▶ Your assignment: Everything below from the line with "Nike Running Shorts" through the line with "Set line Location" should be copied exactly, and nothing else; leave out the pictures.

▶ Listed records:

= = = = =

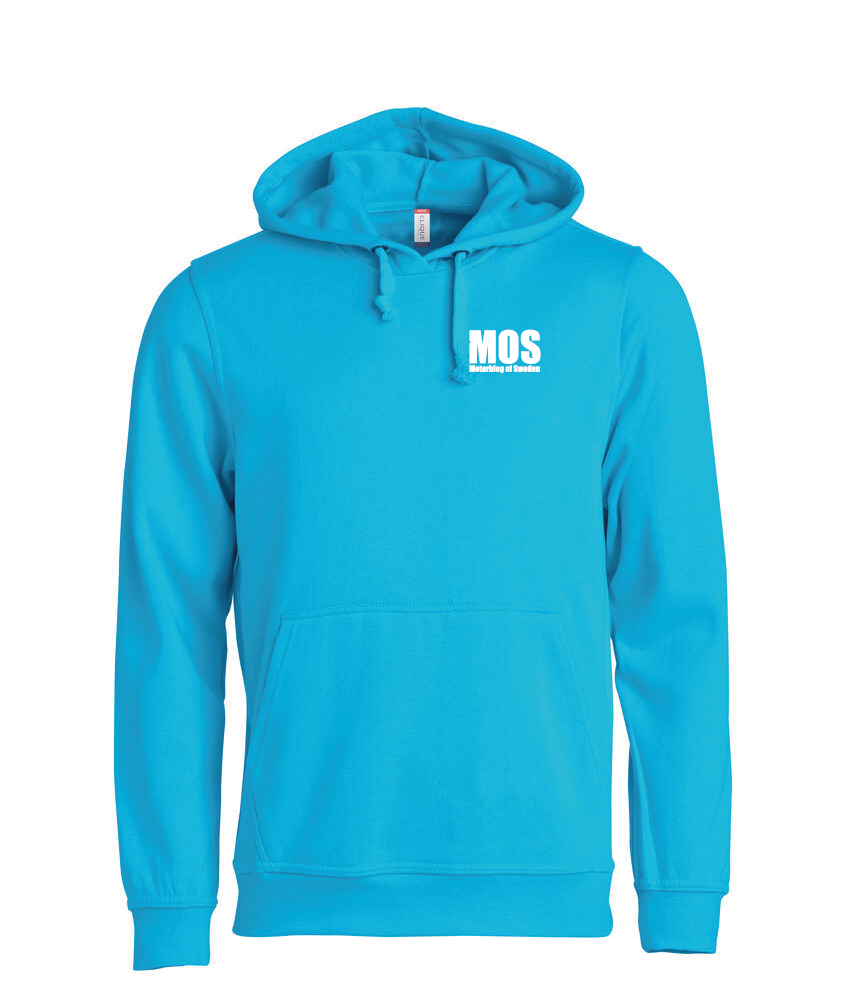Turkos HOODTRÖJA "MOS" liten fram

= = = = =

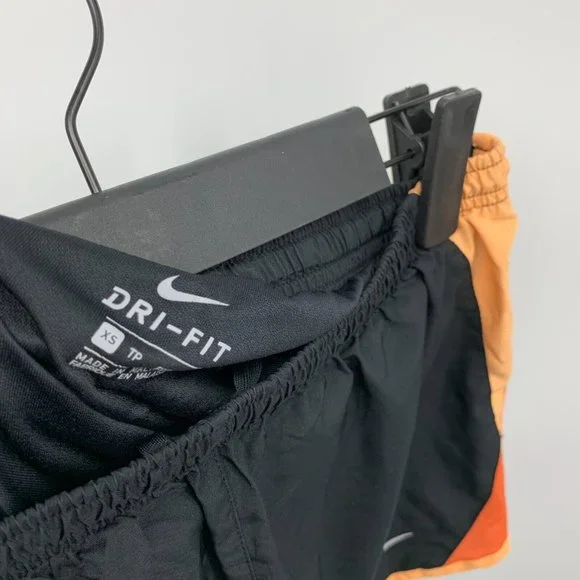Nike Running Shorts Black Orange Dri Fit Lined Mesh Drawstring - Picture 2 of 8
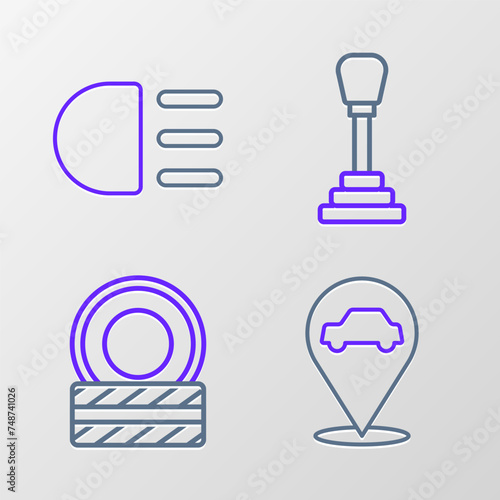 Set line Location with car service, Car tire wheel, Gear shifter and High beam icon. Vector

= = = = =

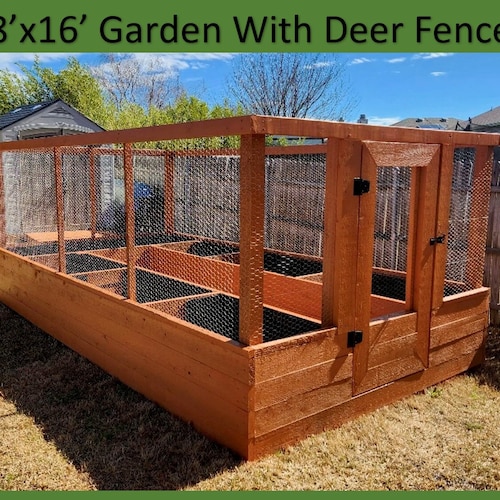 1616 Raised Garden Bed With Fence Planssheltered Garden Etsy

= = = = =

▶ Answer:
Nike Running Shorts Black Orange Dri Fit Lined Mesh Drawstring - Picture 2 of 8
 Set line Location with car service, Car tire wheel, Gear shifter and High beam icon. Vector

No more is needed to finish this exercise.